The national association for promotion of theater in Italy wants to set up a web-based system for keeping track of details about theater productions and the actors at different theaters. In order to support reasoning about the productions, the system should be based on an ontology. Below are some typical situations that should be representable in the ontology, and requirements in the form of competency questions and contextual statements.


Story: theater productions

During each year a number of theatre festivals are held in cities around Italy. In January 2007 a festival called “Roma Loves Shakespeare” took place in Rome. Two different productions of “The Merchant of Venice” participated, one from a theatre in Pisa and the other from a theatre institute in Venice, featuring an ensemble of university art students. Other plays were Othello and a Midsummer Night’s Dream.

The Grand Theatre in Rome offers two theatre shows each evening during September and October 2009. The play set up in this period is the "Merchant of Venice",given through an ensemble of well-known Italian actors. The Merchant of Venice was written during 1596 to 1598 by William Shakespeare, and it has 5 distinct acts. The premier of this production at The Grand Theatre was on September 7. Il Gazzettino gave the setup of the play 5 stars in a recent review.

Fabio Bianchi is an Italian actor employed at the theatre since May 2004, he is a part of the ensemble setting up the Merchant of Venice and he plays the Duke of Venice but also a servant in one of the scenes. During the second and third week of September the role of Shylock is played by Arnold Schwarzenegger as a special guest actor.


Competency questions (CQs) and contextual statements of theater production

  1.  When did a certain theatre festival take place?
  2.  Where did a certain festival take place?
  3.  What plays could be seen during a certain theatre festival?
  4.  In what city is a certain theatre located?
  5.  In what country is a certain city located?
  6.  What play is the basis of a certain production?
  7.  Who are the members of a certain ensemble during a certain time?
  8.  What plays did a certain author write?
  9.  During what time period was a certain play written?
  10. How many acts does a particular play contain?
  11. When was the premier of a certain production?
  12. What is the “star rating” given by a certain newspaper for a certain production?
  13. At what time did a certain actor start working for a specific theatre?
  14. What roles does a certain person have within a certain production during a certain time?
  Contextual statement: 
  1. A production has exactly one premier.


Exercise

Above are the requirements and the scenario to address. So, how to start? In terms of the XD methodology, we are now at step 5; about to select one or more CQs to start solving. If you start reading the requirements, you start to realize that some "naturally" goes together and some are more independent, i.e., 1-3 all talk about theater festivals and what they are about, 4-5 talks about locations, while 6 may be treated independently or together with 8-10 that are also about plays etc. The idea is to decide on one, or such a set of CQs (but it should be a SMALL set, i.e. no more than 3-4 at a time is advisable), to start working with. Let's start with the CQs 1-3.

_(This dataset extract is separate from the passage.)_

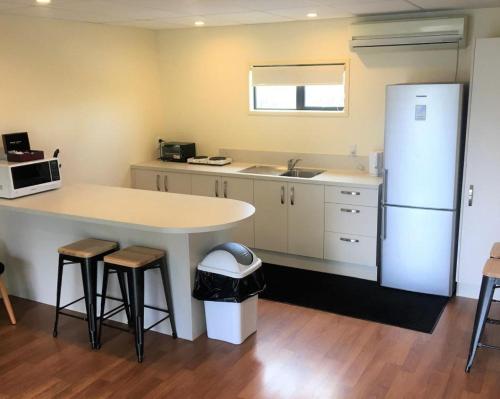 Otorohanga Kiwi Holiday Park Stop at Otorohanga Holiday Park to discover the wonders of Otorohanga. The property features a wide range of facilities to make your stay a pleasant experience. All the necessary facilities, including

Step 6 then tells us to go look for Content ODPs. If we are using NTK (or TopBraid Composer) with the XD Tools this means we switch to the XD perspective and start browsing the available repositories, or search for patterns using the ODP selector view. When we mark an ODP in the list, either of the repository browser or the search results, we can see its annotations in a view to the right. If we are instead using the ODP portal to browse Content ODPs, we see the list of all proposed Content ODPs (note that they are all "proposals", i.e. suggestions by the community, but not always discussed and agreed so evaluate for yourself if it seems reasonable - the certification process of the portal has not been started yet), and we can click on the name of a pattern to get to see all the information about it (including a graphical illustration, which is not available through the XD Tools currently). Whatever method you use, you will probably be most interested in the information under the headings "domain", "intent" and "competency questions" (covered requirements) to start with.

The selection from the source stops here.